John Baker has become a face for this punch-drunk season of Cubbie baseball as the lead guitarist/backup catcher/emergency pitcher/quote machine.
A white towel covering his head, Baker strummed his acoustic guitar as the rain delay stretched from Tuesday night into Wednesday morning, jamming with first baseman Anthony Rizzo in the Wrigley Field dugout.
The San Francisco Giants left town after Thursday night’s 5-3 victory over the Cubs. The Giants split the game-and-a-half doubleheader, losing the suspended game after making history as the first team in 28 years to win a protest.
All that waiting around — Rizzo compared it to watching paint dry — left both teams back where this series started.
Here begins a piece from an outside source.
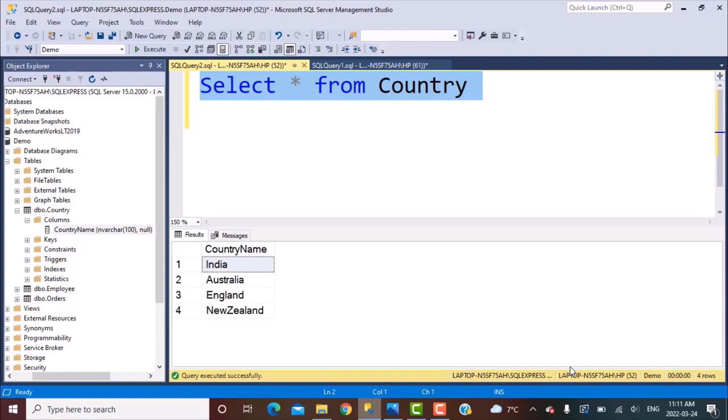Hello everyone and welcome to another SQL query training session with Learn at Nostar. In today's session, we are going to generate a match schedule from a list of country names that we have in our table. This question has been asked by some of you in the comments. This is a really interesting SQL query.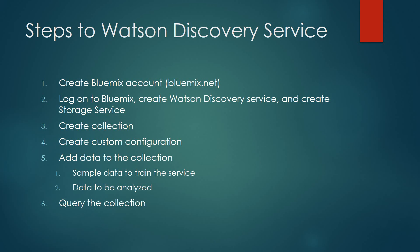Once we've done that, we're going to look at how and why we would use a custom configuration. We're going to go through, we're going to add data to this collection. And through that process, one of the pieces is training the service, and we'll do that by ingesting sample data. Once we've ingested the sample data, we'll go ahead and actually ingest additional data in which we intend to analyze. And then finally, we're going to go ahead and query that collection to see what data was returned.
The Giants (67-59) are one game up in the race for the second wild card while the Cubs (55-72) are still stuck in last place with an image problem.
While TarpGate went viral and made national headlines for the wrong reasons, Cubs players and executives backed their grounds crew, even before the Chicago Sun-Times exposed some of the organizational staffing issues that might have put less-experienced workers on the field during a flash storm, compounding the problems with the rollout.
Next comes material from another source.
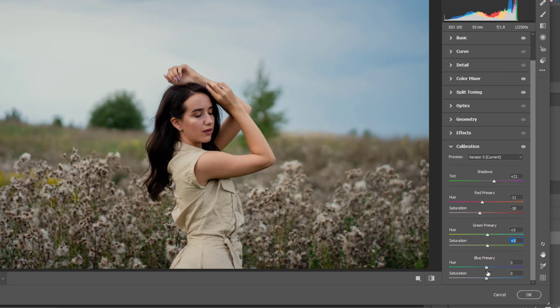I would go here. I don't need that much saturation.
“My heart goes out to the grounds crew more than anybody else,” Baker said, “because those guys have done a great job all year. We haven’t exactly had the best weather here in the Midwest this year. It’s been tough. Hot. Cold. Raining. Not raining. Up and down, on and off. Put the tarp on, take the tarp off.
“It gets really windy, and it is called the Windy City. I felt bad for those guys.”
It’s also easy to second-guess umpire Hunter Wendelstedt, the crew chief who could have called for the tarp earlier on Tuesday night. Then again, the radar didn’t show a downpour coming.
The White Sox stayed dry on the South Side that night — almost 10 miles from Clark and Addison — while losing to the Baltimore Orioles. Cubs general manager Jed Hoyer said it didn’t rain near his Lincoln Park home located about 12 blocks from Wrigley Field.
“Listen, those guys do an incredible job,” Hoyer said. “Our grounds crew’s fantastic. In Chicago, there are so many different storms. They pull it so often that it’s a rare thing when that happens. It was a bad confluence of events.”
Baker compared Wrigley Field’s drainage system — billed as a state-of-the-art investment installed before Opening Day 2008 — to his experience in South Florida.
“I’ve seen a lot of rain delays in my time playing for the Marlins,” Baker said. “There’s no way anybody was going to be able to fix that field. The dirt is thicker here. The grass is thicker here. There are rocks on the warning track. It just seems like it’s going to take longer.
“In the Marlins’ old stadium — there was so many different names when I was there, Land Shark, whatever you want to call it, Sun Life — it would rain and it would rain hard for an hour-and-a-half and that field would be ready 25 minutes after the tarp was off. It was dry.”
This is Chicago.
“In this city, with the wind and the lake being four blocks away, it’s not the easiest thing to predict,” Rizzo said. “The grounds crew, I give them a lot of credit because they do a really good job here dealing with all the variables.”